## Records from a dataset
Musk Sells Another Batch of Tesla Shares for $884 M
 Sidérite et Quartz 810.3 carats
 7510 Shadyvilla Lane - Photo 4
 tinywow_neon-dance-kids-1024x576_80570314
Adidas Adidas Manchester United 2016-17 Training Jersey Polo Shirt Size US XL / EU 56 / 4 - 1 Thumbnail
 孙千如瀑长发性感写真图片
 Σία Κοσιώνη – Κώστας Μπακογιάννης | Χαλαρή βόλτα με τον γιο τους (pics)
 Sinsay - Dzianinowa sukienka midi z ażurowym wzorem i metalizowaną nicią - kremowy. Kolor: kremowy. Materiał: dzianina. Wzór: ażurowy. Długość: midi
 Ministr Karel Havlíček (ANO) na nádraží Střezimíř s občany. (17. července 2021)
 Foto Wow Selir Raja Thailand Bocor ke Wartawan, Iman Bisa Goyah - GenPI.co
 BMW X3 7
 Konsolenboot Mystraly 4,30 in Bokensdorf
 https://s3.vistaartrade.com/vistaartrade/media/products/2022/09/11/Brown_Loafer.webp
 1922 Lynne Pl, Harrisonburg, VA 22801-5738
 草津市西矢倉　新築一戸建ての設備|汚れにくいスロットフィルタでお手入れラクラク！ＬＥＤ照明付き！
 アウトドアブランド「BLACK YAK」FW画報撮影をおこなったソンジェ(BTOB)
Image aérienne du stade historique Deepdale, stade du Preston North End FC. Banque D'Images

## EXERCISE GOAL
Among the entries above, the lines between the ones containing "Konsolenboot Mystraly 4,30 in Bokensdorf" and "草津市西矢倉　新築一戸建ての", inclusive, are to be transcribed exactly. No other line is to be given.

## OUTPUT FOR THIS TASK
 Konsolenboot Mystraly 4,30 in Bokensdorf
 https://s3.vistaartrade.com/vistaartrade/media/products/2022/09/11/Brown_Loafer.webp
 1922 Lynne Pl, Harrisonburg, VA 22801-5738
 草津市西矢倉　新築一戸建ての設備|汚れにくいスロットフィルタでお手入れラクラク！ＬＥＤ照明付き！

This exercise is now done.